You will also notice that we use the same LSI1068E SAS/SATA controller with onboard RAID. The T5140 is limited to 4 disk bays, but the T5240 can accommodate 16 disk bays. This gives plenty of disk targets for implementing a number of different RAID schemes. I recommend at least some redundancy, dual parity if possible.

Some people have commented that the Neptune Ethernet chip, which provides dual-10Gb Ethernet or quad-1Gb Ethernet interfaces is a single point of failure. There is also one quad GbE PHY chip. The reason the Neptune is there to begin with is because when we implemented the coherency links in the UltraSPARC T2plus processor we had to sacrifice the builtin Neptune interface which is available in the UltraSPARC T2 processor. Moore's Law assures us that this is a somewhat temporary condition and soon we'll be able to cram even more transistors onto a chip. This is a case where high integration is apparent in the packaging. Even though all four GbE ports connect to a single package, the electronics inside the package are still isolated. In other words, we don't consider the PHY to be a single point of failure because the failure modes do not cross the isolation boundaries. Of course, if your Ethernet gets struck by lightning, there may be a lot of damage to the server, so there is always the possibility that a single event will create massive damage. But for the more common cabling problems, the system offers suitable isolation. If you are really paranoid about this, then you can purchase a PCI-e card version of the Neptune and put it in PCI-e slot 1, 2, or 3 to ensure that it uses the other PCI-e switch.

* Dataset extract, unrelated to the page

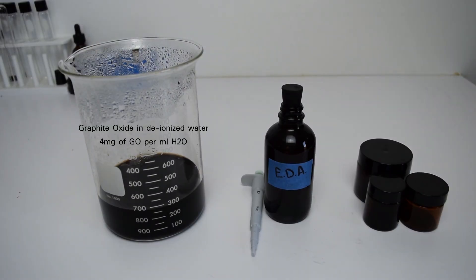Hello, for this video you'll need graphite oxide in deionized water at a mixture of four milligrams of graphite oxide per milliliter of water. Next you'll need ethylene diamine as a weak reducing agent, which you'll use at 20 microliters for every five milliliters of graphene oxide solution.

The ILOM service processor is the same as we use in most of our other small servers and has been a very reliable part of our systems. It is connected to the rest of the system through a FPGA which manages all of the service bus connections. This allows the service processor to be the serviceability interface for the entire server.

The server also uses ECC FB-DIMMs with Extended ECC, which is another common theme in Sun servers. We have recently been studying the affects of Solaris Fault Management Architecture and Extended ECC on systems in the field and I am happy to report that this combination provides much better system resiliency than possible through the individual features. In RAS, the whole can be much better than the sum of the parts.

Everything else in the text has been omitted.